Der wachsende US-Ölexport entpuppt sich als großer Segen für Tankereigentümer – denn die Transportleistung stieg in den vergangenen Monaten beträchtlich an. Laut Berichten der amerikanischen Energiebehörde EIA erhöhte sich die Ausfuhr bis Ende September auf zwei Millionen Barrel pro Tag. Das bedeutet ein erhebliches Plus gegenüber 2016. Im Schnitt wurden im ersten Halbjahr knapp eine Million Barrel am Tag ins Ausland transportiert.

Ein Drittel der Exporte gingen dabei nach Kanada, während mehr als 20 Prozent über den Atlantik nach Europa verschifft wurden. Bedeutend wichtiger für den Tanker-Markt: Die Fernbeförderung in den asiatisch-pazifischen Raum stieg rasant – von 20.000 Barrel am Tag zwischen Januar und Juni 2016 auf mehr als 300.000 Barrel am Tag im Vergleichszeitraum dieses Jahres. Und die bisherigen Handelsfluss-Daten versprechen auch im dritten Quartal 2017 einen stabilen Export-Level. Der verstärkte Handel mit Asien ist eine Folge der Reduzierung der Fördermengen im Mittleren Osten und den damit verbundenen höheren Kosten für das Öl vom Golf.

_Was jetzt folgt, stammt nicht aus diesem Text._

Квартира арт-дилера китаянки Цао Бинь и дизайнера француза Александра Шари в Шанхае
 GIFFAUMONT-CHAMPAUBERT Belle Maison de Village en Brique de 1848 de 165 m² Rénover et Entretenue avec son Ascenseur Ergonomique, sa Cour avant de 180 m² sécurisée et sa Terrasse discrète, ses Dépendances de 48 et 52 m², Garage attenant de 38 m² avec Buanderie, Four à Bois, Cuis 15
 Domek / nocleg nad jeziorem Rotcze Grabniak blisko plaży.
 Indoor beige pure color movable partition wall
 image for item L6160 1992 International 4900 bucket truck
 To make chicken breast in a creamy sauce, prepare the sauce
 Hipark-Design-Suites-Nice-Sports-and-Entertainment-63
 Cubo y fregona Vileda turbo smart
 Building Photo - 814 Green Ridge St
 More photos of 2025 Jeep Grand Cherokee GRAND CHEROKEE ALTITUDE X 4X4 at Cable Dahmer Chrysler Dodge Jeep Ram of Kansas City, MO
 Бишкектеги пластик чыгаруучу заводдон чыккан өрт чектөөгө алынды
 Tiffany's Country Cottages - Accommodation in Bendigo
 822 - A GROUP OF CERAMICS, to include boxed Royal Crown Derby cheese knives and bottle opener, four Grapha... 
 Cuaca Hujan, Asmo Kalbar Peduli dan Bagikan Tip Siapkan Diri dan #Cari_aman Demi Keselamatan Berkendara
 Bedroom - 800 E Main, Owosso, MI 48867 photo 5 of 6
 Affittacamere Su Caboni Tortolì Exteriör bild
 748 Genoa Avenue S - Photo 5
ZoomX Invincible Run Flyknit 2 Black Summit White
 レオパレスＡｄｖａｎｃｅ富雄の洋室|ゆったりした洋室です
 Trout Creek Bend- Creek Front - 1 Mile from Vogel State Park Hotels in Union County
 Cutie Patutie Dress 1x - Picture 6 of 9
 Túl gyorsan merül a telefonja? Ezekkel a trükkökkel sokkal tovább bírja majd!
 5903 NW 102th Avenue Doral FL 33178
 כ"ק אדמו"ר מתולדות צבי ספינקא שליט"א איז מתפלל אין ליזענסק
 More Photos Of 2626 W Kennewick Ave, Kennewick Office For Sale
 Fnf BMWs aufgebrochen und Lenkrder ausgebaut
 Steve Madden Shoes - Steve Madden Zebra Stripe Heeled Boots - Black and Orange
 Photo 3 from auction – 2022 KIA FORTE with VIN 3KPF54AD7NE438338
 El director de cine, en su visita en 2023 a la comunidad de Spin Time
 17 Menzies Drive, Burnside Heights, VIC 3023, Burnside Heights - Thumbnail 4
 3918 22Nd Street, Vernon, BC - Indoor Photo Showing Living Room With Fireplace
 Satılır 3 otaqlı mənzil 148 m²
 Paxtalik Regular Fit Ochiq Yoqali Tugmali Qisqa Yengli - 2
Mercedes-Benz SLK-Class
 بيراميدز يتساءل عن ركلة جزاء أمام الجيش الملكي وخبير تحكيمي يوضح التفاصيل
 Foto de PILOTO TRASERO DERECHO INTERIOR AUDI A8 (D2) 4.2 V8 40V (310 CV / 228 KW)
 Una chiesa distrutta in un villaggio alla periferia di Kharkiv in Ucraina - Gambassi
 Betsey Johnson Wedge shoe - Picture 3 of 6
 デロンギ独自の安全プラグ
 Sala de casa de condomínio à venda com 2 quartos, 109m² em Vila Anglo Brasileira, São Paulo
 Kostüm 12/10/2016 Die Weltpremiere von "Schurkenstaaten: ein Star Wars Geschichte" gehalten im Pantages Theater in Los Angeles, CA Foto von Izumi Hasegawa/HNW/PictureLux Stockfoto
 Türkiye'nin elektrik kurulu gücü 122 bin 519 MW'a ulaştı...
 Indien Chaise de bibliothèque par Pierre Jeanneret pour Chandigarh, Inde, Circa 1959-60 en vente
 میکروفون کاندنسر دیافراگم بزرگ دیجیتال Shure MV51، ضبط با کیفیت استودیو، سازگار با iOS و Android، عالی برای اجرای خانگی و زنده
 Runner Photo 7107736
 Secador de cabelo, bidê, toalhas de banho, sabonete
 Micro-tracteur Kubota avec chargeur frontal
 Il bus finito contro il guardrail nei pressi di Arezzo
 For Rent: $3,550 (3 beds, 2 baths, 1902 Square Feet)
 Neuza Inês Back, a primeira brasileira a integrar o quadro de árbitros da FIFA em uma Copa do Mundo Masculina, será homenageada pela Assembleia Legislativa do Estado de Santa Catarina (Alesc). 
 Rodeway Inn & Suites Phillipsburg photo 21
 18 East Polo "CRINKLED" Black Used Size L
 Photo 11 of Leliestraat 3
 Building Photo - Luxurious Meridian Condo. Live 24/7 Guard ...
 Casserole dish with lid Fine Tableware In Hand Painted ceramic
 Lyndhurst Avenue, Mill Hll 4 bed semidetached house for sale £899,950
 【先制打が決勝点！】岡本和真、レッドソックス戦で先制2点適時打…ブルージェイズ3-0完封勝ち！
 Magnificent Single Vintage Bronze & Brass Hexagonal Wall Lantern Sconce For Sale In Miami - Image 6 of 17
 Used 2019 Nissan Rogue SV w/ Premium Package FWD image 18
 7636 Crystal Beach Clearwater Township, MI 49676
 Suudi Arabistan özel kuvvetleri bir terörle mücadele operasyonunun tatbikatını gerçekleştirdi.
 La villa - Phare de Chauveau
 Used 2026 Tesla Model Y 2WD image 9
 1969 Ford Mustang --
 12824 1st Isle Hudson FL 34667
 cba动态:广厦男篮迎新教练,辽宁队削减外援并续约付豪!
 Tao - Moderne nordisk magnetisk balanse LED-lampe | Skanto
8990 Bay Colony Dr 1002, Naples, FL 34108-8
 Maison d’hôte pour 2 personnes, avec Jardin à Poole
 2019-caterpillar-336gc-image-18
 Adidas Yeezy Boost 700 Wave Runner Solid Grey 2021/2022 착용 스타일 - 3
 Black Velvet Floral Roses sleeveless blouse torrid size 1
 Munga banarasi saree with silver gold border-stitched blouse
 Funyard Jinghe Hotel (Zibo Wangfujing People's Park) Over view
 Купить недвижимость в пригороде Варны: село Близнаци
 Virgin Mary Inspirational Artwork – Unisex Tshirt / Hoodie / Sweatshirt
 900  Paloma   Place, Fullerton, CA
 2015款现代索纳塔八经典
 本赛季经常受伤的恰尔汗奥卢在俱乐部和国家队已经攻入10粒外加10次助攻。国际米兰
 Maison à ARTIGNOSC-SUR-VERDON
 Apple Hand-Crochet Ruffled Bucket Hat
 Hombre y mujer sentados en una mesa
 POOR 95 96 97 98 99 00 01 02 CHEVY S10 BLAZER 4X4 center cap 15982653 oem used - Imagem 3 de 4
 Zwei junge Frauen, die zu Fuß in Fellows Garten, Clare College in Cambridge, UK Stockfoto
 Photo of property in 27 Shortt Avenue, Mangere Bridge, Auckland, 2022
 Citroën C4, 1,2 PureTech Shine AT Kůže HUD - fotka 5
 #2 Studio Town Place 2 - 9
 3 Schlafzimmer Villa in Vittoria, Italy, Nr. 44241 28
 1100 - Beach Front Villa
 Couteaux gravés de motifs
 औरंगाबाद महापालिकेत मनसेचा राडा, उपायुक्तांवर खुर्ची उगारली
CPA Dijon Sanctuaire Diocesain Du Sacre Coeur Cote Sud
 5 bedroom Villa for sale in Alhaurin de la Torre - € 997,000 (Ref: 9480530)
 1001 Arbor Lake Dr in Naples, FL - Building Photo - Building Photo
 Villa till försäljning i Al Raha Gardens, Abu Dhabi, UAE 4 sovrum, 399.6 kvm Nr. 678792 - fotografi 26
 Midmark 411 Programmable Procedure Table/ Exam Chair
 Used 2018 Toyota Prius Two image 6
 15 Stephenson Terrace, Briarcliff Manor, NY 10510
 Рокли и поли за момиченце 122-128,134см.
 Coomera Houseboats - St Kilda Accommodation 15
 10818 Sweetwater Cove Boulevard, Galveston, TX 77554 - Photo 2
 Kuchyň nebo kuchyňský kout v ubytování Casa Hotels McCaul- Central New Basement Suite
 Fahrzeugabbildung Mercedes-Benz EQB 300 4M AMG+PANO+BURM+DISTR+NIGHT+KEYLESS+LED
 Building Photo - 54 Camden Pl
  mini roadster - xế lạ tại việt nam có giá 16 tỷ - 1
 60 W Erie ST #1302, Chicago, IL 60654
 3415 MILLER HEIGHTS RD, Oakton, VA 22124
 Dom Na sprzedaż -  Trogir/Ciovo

Das US-Öl wird hauptsächlich mit VLCCs sowie Suezmaxe in Richtung Asien verschifft. Bisher mussten die VLCC-Ladungen allerdings von kleineren Schiffen umgeladen werden. Einige US-Häfen am Golf haben nun aber angekündigt ihre Liegeplätze für diesen Schiffstyp anzupassen, so dass er dort direkt be- oder entladen werden kann. Diese Verbesserung der Infrastruktur sowie der weiterhin steigende US-Ölexport könnten die Verluste durch die Kappung der Fördermengen durch die OPEC-Staaten im Mittleren Osten möglicherweise kompensieren.